A simple linear regression predicts one continuous outcome from one continuous predictor. The output has two layers, the overall model fit and the individual coefficient, and APA 7 wants both. People often report only the R-squared, or only the p value, and lose marks. This guide gives you the exact format, a worked example you can copy, and the mistakes reviewers catch.
What you need before you write a single word
An APA 7 write-up of a simple linear regression needs two layers of results.
The model fit:
- R-squared (the proportion of variance explained).
- The F statistic with its two degrees of freedom (regression df and residual df).
- The p value for the model.
The coefficient for the predictor:
- The unstandardized slope (b).
- Its standard error (SE).
- The standardized coefficient (beta).
- The t value and its p value.
- Optionally a 95% confidence interval for b, which APA 7 encourages.
The APA 7 format template
Report both layers in running text using this pattern:
A simple linear regression predicting [outcome] from [predictor] was significant, F(df1, df2) = X.XX, p = .XXX, R-squared = .XX. [Predictor] significantly predicted [outcome], b = X.XX, SE = X.XX, beta = .XX, t = X.XX, p = .XXX, 95% CI [X.XX, X.XX].

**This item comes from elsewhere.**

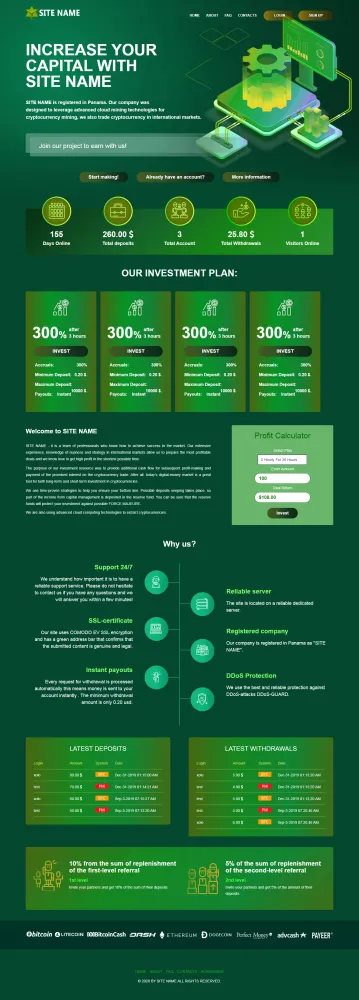 HYIP zhrt Investment Template 152 Design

Formatting rules reviewers actually check:
- Italicize F, b, SE, t, p. R-squared and beta are reported as shown.
- No leading zero on p, R-squared, or beta (all bounded by 1). Keep the leading zero on b and the CI, which can exceed 1.

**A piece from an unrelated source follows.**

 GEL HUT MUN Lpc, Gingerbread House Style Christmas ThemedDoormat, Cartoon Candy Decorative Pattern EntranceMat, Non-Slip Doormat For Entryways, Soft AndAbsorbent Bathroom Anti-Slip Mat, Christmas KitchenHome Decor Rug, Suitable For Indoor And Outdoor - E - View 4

- Report both degrees of freedom for F, regression first: F(1, 98).
- Round to two decimals. If p is below .001, write p < .001.
A worked example
Suppose you predicted job performance from a conscientiousness score in 100 employees.
- Model: F(1, 98) = 22.45, p < .001, R-squared = .19
- Coefficient: b = 0.42, SE = 0.09, beta = .43, t = 4.74, p < .001, 95% CI [0.24, 0.60]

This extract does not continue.